Call me naive, or the kind of person who likes putting their head in the sand, but this morning I'm feeling like the world is too much with us. Here are the four main stories on the front page of the Globe and Mail on-line edition, under "Breaking News."
A Jewish revival in Poland without any Jews
No survivors in Iraq helicopter crash
Chrétien demands Gomery step aside
PM won't delay same-sex bill despite MP anxiety
This is the news of the day. Not a happy story in the bunch. Now, I'm not saying that we need happy pills or something like that, in order to make it through the day. (Although the idea has merit.)
But I'm finding that more and more these days I feel like I don't get enough good news. The world is a tough place and today's modern media means that I hear a lot more about it than I ever did before. But there are lots of places where life is going on just fine. In fact, people are happy. Good news stories are out there. Heck, even the Globe has a few, like a story about the origins of pizza. (I'd link to it, but it's only available to Insider subscribers, for some ridiculous reason.)

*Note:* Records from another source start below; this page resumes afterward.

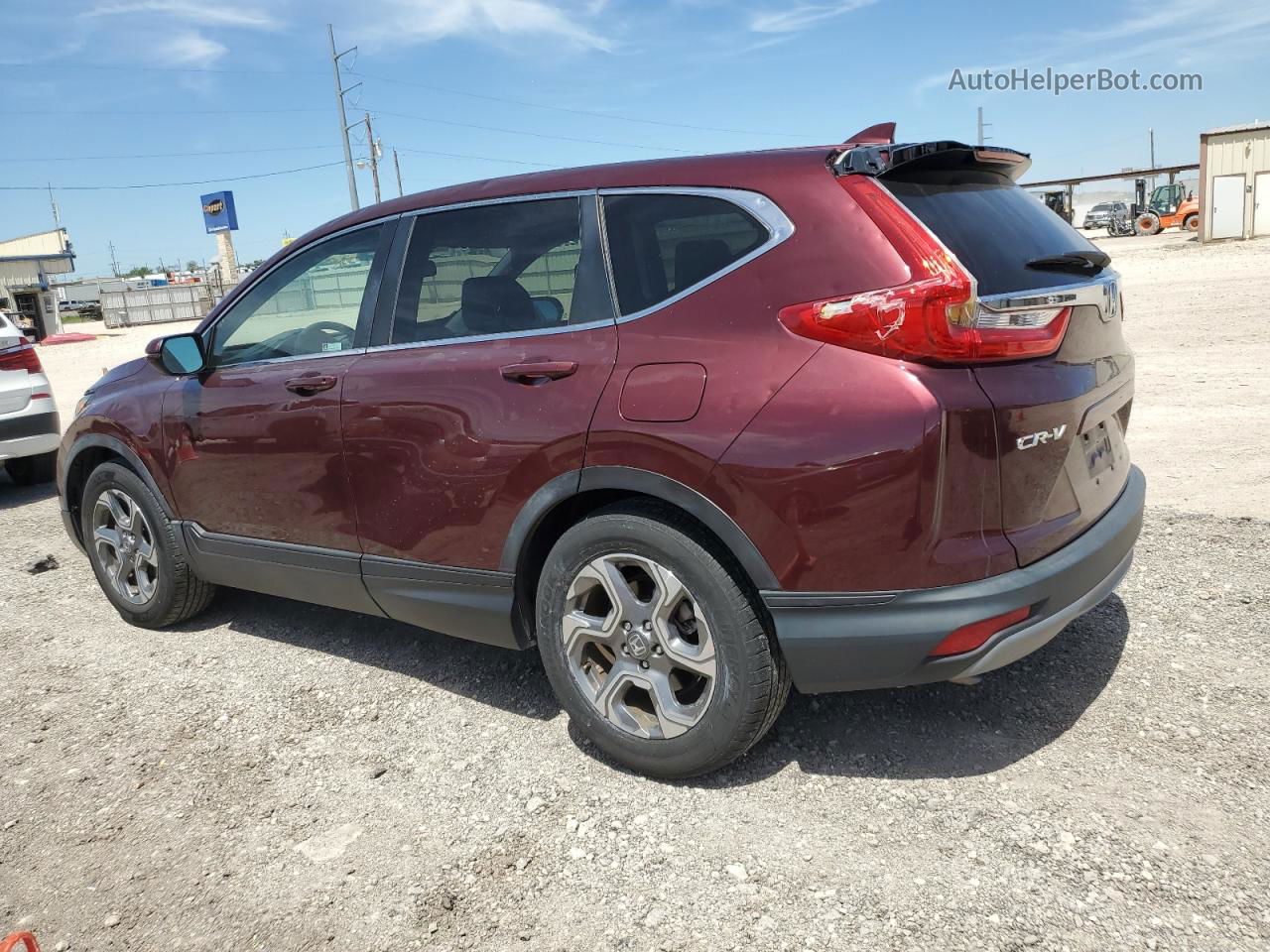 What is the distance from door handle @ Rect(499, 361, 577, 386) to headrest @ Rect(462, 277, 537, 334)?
0.17 m

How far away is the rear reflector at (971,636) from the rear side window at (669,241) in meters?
1.19

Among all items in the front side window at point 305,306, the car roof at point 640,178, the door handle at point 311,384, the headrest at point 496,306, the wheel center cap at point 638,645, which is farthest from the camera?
the front side window at point 305,306

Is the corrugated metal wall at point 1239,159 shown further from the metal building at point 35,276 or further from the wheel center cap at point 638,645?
the metal building at point 35,276

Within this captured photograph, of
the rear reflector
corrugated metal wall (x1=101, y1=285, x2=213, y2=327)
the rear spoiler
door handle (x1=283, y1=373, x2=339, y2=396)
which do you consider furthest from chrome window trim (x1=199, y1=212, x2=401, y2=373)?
corrugated metal wall (x1=101, y1=285, x2=213, y2=327)

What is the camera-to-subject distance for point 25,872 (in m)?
2.87

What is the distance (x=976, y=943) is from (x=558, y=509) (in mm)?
1667

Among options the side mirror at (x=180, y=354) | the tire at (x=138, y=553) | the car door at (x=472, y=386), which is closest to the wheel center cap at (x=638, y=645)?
the car door at (x=472, y=386)

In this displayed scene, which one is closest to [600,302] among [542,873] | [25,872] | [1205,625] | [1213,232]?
[542,873]

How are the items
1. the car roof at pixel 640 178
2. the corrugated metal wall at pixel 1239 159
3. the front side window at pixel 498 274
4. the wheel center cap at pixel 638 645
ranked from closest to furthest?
the car roof at pixel 640 178 < the wheel center cap at pixel 638 645 < the front side window at pixel 498 274 < the corrugated metal wall at pixel 1239 159

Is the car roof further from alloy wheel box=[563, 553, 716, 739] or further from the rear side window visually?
alloy wheel box=[563, 553, 716, 739]

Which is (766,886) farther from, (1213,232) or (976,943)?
(1213,232)

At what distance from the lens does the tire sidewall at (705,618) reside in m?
2.77

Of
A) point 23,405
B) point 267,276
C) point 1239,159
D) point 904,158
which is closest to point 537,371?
point 904,158

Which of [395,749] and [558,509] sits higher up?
[558,509] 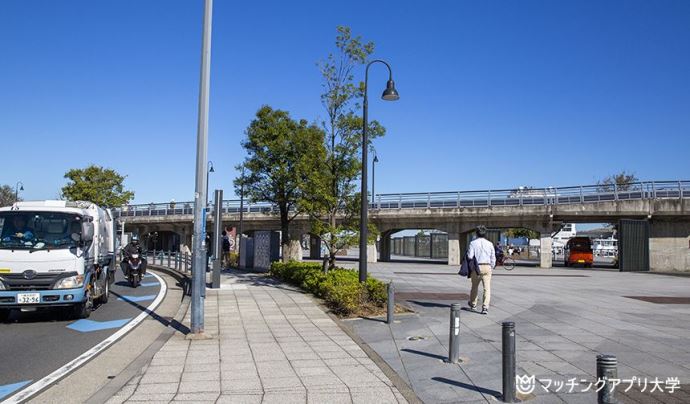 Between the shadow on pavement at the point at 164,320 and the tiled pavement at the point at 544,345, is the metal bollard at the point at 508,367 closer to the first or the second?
the tiled pavement at the point at 544,345

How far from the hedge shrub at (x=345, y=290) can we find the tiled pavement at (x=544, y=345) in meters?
0.85

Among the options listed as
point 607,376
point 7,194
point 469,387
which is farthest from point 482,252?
point 7,194

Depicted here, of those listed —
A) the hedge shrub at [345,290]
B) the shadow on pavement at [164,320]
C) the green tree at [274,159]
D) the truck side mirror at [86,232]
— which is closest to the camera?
the shadow on pavement at [164,320]

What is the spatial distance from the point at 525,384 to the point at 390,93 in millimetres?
8869

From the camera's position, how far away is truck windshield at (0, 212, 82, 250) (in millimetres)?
10695

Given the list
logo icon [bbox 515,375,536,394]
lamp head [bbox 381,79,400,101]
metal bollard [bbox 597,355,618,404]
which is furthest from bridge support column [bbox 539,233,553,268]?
metal bollard [bbox 597,355,618,404]

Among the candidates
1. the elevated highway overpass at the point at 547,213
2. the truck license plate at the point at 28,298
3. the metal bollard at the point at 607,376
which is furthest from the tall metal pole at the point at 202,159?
the elevated highway overpass at the point at 547,213

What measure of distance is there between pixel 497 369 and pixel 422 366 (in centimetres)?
96

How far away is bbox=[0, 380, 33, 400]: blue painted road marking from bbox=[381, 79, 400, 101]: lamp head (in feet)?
32.3

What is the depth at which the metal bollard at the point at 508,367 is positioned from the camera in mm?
5566

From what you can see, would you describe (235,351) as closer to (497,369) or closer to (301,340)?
(301,340)

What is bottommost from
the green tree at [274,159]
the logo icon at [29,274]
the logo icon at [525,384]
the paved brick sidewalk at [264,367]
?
the paved brick sidewalk at [264,367]

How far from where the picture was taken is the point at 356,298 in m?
12.0

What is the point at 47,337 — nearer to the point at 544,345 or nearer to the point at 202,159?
the point at 202,159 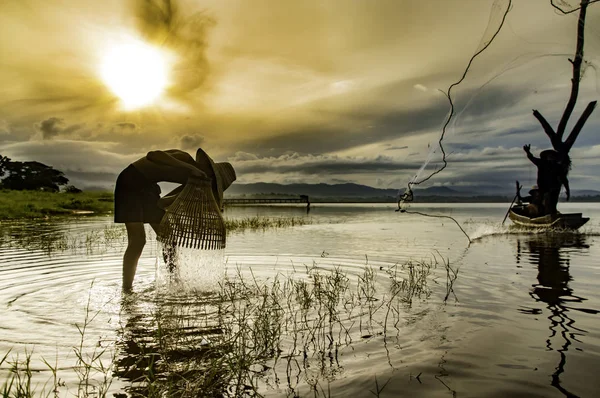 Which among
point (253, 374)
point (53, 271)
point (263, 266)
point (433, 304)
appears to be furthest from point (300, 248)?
point (253, 374)

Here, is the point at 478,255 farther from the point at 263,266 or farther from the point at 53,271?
the point at 53,271

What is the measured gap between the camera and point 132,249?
6.94 metres

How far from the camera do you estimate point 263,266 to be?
10.3m

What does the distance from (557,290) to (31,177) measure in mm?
73208

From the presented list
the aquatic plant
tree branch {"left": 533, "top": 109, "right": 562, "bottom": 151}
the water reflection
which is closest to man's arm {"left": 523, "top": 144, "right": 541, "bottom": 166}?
tree branch {"left": 533, "top": 109, "right": 562, "bottom": 151}

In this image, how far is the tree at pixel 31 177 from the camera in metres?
63.8

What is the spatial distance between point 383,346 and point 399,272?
4858 millimetres

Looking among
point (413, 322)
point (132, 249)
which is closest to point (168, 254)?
point (132, 249)

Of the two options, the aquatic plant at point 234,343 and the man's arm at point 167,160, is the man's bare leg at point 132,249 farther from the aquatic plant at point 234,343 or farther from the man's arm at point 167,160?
the man's arm at point 167,160

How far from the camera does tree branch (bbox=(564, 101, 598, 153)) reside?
765 inches

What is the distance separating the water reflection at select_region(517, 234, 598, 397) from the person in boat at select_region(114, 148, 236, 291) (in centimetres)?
487

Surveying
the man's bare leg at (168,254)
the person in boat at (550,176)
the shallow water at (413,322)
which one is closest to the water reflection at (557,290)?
the shallow water at (413,322)

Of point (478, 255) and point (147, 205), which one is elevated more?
point (147, 205)

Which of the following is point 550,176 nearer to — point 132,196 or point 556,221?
point 556,221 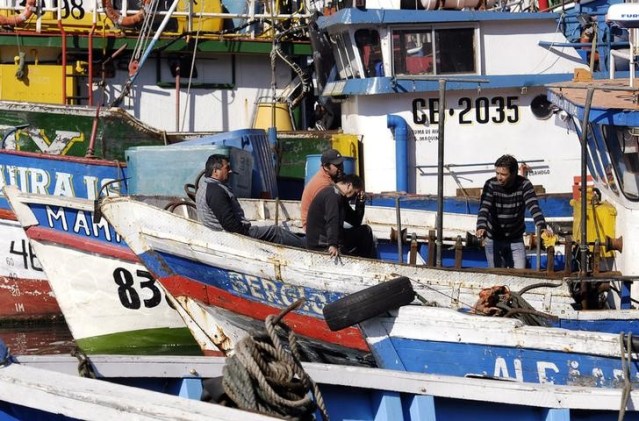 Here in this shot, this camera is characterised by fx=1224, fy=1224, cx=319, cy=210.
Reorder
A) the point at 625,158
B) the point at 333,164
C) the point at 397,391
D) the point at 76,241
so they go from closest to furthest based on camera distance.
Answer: the point at 397,391 → the point at 625,158 → the point at 333,164 → the point at 76,241

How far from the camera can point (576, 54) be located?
48.1 ft

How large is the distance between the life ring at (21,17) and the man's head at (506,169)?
818cm

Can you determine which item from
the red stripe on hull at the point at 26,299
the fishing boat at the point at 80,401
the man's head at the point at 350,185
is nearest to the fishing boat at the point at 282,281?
the man's head at the point at 350,185

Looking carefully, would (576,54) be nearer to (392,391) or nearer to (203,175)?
(203,175)

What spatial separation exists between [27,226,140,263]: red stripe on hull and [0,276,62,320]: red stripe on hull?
2.22 m

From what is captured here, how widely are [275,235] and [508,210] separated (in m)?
2.05

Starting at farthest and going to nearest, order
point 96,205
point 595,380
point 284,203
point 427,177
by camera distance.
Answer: point 427,177
point 284,203
point 96,205
point 595,380

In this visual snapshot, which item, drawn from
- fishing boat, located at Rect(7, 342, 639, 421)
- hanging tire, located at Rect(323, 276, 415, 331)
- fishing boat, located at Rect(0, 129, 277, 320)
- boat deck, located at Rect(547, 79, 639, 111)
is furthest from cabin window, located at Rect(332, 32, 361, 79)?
fishing boat, located at Rect(7, 342, 639, 421)

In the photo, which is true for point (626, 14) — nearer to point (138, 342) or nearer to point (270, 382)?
point (270, 382)

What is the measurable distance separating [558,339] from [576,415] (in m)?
1.57

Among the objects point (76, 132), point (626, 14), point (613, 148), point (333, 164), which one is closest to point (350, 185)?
point (333, 164)

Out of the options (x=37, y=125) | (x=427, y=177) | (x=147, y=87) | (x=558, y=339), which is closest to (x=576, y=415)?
(x=558, y=339)

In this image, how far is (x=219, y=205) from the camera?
1034 centimetres

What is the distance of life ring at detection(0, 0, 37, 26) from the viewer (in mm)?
16234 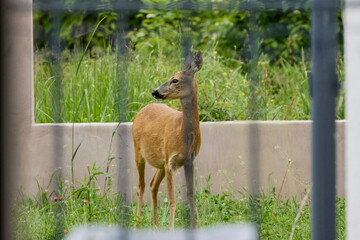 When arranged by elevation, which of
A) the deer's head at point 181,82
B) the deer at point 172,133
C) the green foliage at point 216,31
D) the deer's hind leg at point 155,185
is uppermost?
the green foliage at point 216,31

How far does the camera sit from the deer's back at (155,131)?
2455 mm

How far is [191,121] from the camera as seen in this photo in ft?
7.94

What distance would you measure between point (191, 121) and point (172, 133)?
11cm

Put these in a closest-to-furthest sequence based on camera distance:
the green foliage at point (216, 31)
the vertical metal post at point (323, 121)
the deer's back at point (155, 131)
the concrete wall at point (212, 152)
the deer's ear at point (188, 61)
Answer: the vertical metal post at point (323, 121) < the deer's ear at point (188, 61) < the deer's back at point (155, 131) < the concrete wall at point (212, 152) < the green foliage at point (216, 31)

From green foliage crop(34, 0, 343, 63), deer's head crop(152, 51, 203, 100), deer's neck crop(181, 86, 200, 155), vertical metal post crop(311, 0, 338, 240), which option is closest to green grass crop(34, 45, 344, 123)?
green foliage crop(34, 0, 343, 63)

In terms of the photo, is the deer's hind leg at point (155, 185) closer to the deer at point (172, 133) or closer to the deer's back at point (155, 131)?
the deer at point (172, 133)

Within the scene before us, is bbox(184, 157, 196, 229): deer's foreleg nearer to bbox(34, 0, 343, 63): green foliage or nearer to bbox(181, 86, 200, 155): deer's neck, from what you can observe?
bbox(181, 86, 200, 155): deer's neck

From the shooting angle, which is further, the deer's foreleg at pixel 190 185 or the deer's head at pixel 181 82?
the deer's foreleg at pixel 190 185

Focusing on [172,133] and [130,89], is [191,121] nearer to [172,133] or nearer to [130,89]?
[172,133] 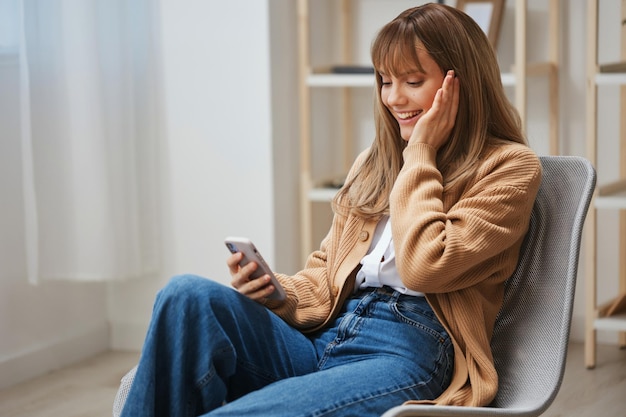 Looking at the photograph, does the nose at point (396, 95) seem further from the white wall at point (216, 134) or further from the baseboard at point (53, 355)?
the baseboard at point (53, 355)

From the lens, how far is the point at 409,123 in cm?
168

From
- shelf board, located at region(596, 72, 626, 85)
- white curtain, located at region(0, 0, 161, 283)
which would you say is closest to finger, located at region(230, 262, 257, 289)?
white curtain, located at region(0, 0, 161, 283)

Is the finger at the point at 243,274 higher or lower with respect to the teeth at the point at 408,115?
lower

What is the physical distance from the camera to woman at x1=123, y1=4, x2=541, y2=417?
1.43 m

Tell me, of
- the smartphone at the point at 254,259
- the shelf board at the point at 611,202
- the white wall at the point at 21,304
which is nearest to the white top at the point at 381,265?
the smartphone at the point at 254,259

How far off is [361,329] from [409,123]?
1.20 feet

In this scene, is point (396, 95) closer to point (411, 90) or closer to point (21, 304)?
point (411, 90)

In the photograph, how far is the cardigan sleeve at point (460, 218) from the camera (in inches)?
58.1

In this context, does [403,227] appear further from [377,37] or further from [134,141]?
[134,141]

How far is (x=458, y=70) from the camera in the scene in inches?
63.8

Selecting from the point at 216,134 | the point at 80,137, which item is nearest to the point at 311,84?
the point at 216,134

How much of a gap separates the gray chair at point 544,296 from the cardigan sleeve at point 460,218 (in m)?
0.06

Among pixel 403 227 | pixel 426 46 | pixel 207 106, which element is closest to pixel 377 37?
pixel 426 46

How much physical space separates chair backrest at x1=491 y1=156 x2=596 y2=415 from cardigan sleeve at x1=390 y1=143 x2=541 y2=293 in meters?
0.06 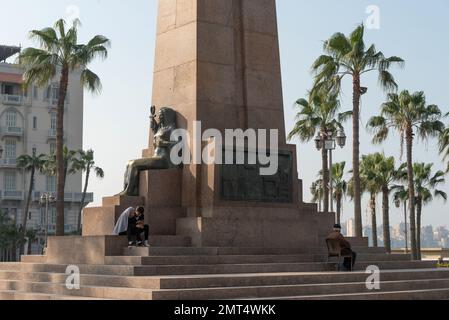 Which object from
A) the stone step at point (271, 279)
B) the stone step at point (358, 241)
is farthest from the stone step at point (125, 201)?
the stone step at point (358, 241)

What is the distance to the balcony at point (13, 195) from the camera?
7475 cm

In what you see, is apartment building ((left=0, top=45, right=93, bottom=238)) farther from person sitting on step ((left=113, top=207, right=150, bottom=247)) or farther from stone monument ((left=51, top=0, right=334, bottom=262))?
person sitting on step ((left=113, top=207, right=150, bottom=247))

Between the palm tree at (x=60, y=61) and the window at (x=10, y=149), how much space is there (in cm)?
4666

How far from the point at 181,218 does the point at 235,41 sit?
192 inches

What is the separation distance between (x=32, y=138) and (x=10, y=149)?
2.35m

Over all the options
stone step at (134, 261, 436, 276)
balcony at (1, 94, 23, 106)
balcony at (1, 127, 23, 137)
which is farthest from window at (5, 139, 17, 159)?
stone step at (134, 261, 436, 276)

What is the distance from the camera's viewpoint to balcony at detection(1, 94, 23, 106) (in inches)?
3054

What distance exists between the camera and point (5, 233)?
2381 inches

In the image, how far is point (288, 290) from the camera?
15.0m

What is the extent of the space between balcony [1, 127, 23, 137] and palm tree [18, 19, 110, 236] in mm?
46088

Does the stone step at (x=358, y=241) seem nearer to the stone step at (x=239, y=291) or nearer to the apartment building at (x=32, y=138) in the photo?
the stone step at (x=239, y=291) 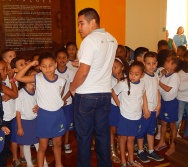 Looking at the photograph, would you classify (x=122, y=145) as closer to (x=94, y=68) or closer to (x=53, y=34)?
(x=94, y=68)

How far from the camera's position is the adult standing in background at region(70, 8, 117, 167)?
2338 millimetres

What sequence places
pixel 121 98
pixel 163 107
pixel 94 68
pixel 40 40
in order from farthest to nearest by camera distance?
pixel 40 40
pixel 163 107
pixel 121 98
pixel 94 68

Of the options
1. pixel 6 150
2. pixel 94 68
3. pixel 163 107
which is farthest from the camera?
pixel 163 107

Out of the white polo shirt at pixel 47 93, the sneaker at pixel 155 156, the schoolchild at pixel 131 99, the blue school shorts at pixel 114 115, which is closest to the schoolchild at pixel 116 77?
the blue school shorts at pixel 114 115

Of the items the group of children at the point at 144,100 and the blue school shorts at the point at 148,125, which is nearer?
the group of children at the point at 144,100

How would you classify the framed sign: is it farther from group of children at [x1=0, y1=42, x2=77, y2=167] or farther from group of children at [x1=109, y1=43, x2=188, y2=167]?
group of children at [x1=109, y1=43, x2=188, y2=167]

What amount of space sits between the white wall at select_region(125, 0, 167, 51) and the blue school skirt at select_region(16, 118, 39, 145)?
3.05 m

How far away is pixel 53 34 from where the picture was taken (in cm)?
462

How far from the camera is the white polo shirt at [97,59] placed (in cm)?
232

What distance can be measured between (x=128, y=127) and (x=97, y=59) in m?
0.87

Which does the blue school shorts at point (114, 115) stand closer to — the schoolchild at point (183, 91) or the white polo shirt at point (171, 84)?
the white polo shirt at point (171, 84)

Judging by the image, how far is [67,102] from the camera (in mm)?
3293

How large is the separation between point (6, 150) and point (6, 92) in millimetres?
523

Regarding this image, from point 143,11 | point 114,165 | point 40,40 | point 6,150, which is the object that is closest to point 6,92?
point 6,150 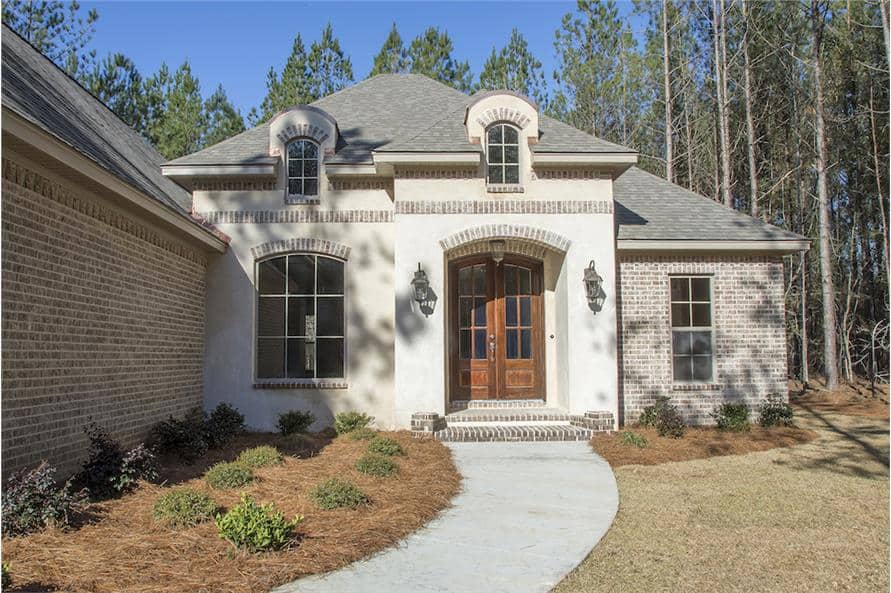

Who decided that "bad" is "news?" Why are we tantalized by stories of disaster, horror, sickness, etc., but seemingly bored by stuff about regular, day-to-day activities? Regular is, well, regular. And that's not much fun.
About now, I imagine you're thinking, "This is going nowhere. I'm bored." But bear with me. I may not have a brilliant thesis on the go, but I hope to make a few connections that will at least keep you awake.
Last night, on The Daily Show, with Jon Stewart, his guest was Seymour Hersh. Now, for those of you who aren't media junkies, you may not know that Seymour Hersh is a legendary investigative journalist with The New Yorker. He's the guy who simply doesn't keep step with the rest of the media out there. Last week, he published his latest article, which outlines the plans within the White House and the Pentagon to invade Iran. Naturally, it has been met with the usual response from "official" sources, but without outright denials. It's worth reading.
If you don't watch The Daily Show regularly, you should know that it's claim to fame is that it's a fake news show. That's right. Fake News. Facts are not a huge deal. The "facts" merely serve as the intro to their pieces. From there, it's full speed ahead to whatever outrageous conclusion the "reporters" decide is appropriate.
The show's outrageous commentaries during the recent Presidential election and the war in Iraq have earned it a huge following. A lot of Americans, especially younger ones, say they get most of their news about current political events, from watching the program. Which does give one pause for thought.
Seymour Hersh is a favourite guest for Stewart, who really seems to admire Hersh's dogged refusal to cowtow to "offical" sources. Instead, whether it's covering the events of Sept. 11, or the war in Iraq, or the current plans for the invasion of Iran, Hersh insists on using his own sources and telling a story distinctly at odds with the "official" version.
At one point in his interview, Stewart asks Hersh, "Do you check up on these sources? To make sure the facts are correct?"
"Of course," Hersh replied. "Everything is checked very, very carefully."
"See. That's where you and I are different. We don't have to check the facts," Stewart told his guest.
Hmmm...that anecdote didn't end up addressing my first thesis of this piece, did it? It wasn't really about bad news vs. good news. It was more about the value of getting the story right, vs putting out a version that makes people laugh. In fact, that kind of goes against my thesis, because Stewart's show is funny. He's able to take bad news (which is most of what we see and hear) and turn it on its head and make us laugh at the absurdity of a lot of it.
At this point, I think I'll just adopt a blogger convention and toss this whole thing over to you, the reader, to help me sort things out.
I started with the contention that bad news overwhelms good news. Then I moved over to talking about how taking another look at bad news from a silly, irreverant point of view can make us feel good about it. Now I'm wondering what that means?
Are we glossing over the significance of what we hear by trivializing it? Or do we just start to block out the bad news and only perk up when really serious stuff, like Brad and Jen breaking up, hits the airwaves?
Now I've really lost my focus. So if you want to add some comments to this thread, please do so. I'll go off and give a bit more thought to the whole thing.
But you know what? I don't feel as depressed about the news as I did when I started this little rant. And as Martha might say, "That's a good thing."